_Recorded information:_
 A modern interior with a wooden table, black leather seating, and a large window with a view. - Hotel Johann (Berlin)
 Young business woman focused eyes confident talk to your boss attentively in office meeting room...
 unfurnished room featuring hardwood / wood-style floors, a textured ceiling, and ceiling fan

==

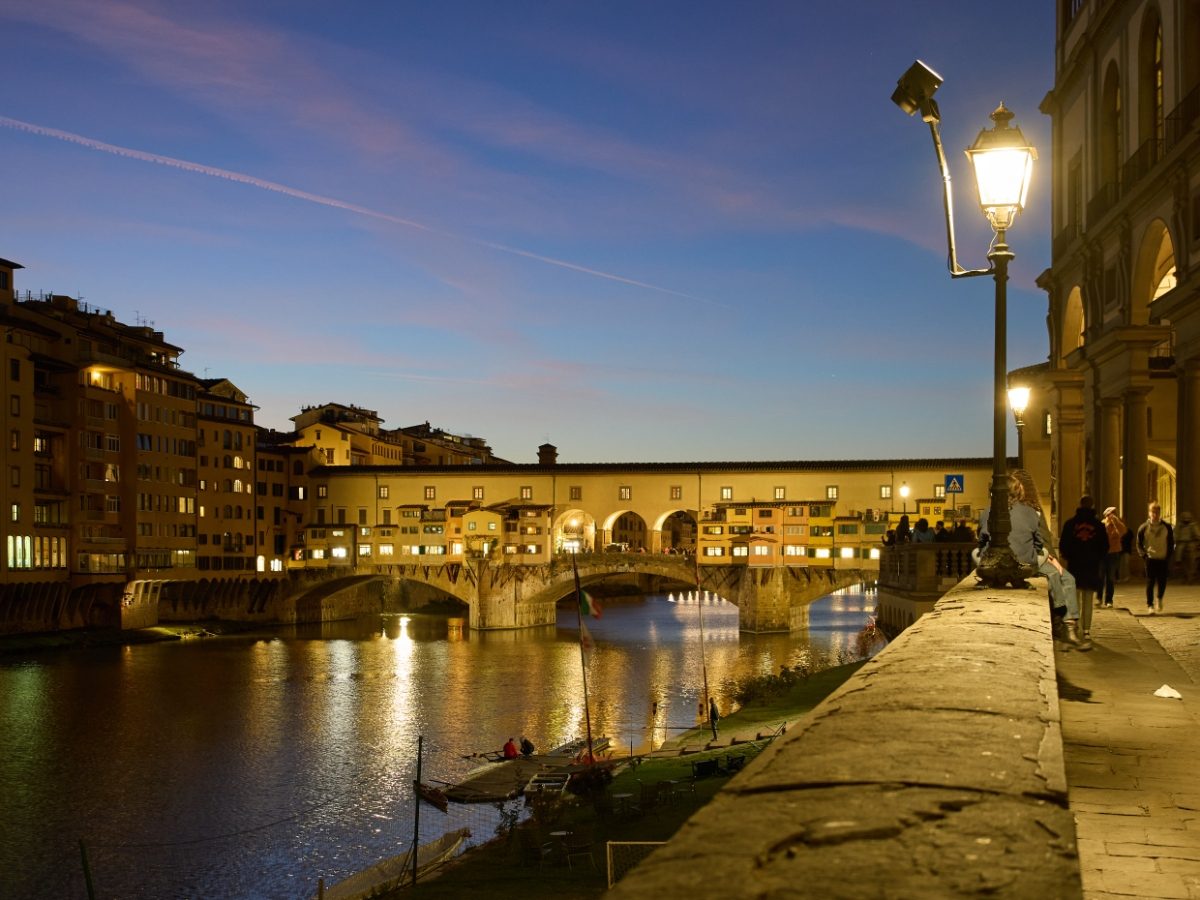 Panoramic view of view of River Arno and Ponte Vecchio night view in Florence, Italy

_Exercise requirements:_ Across the listing, how many lines contain the word "room"? Give the number without further comment.

_Response to this exercise:_ 2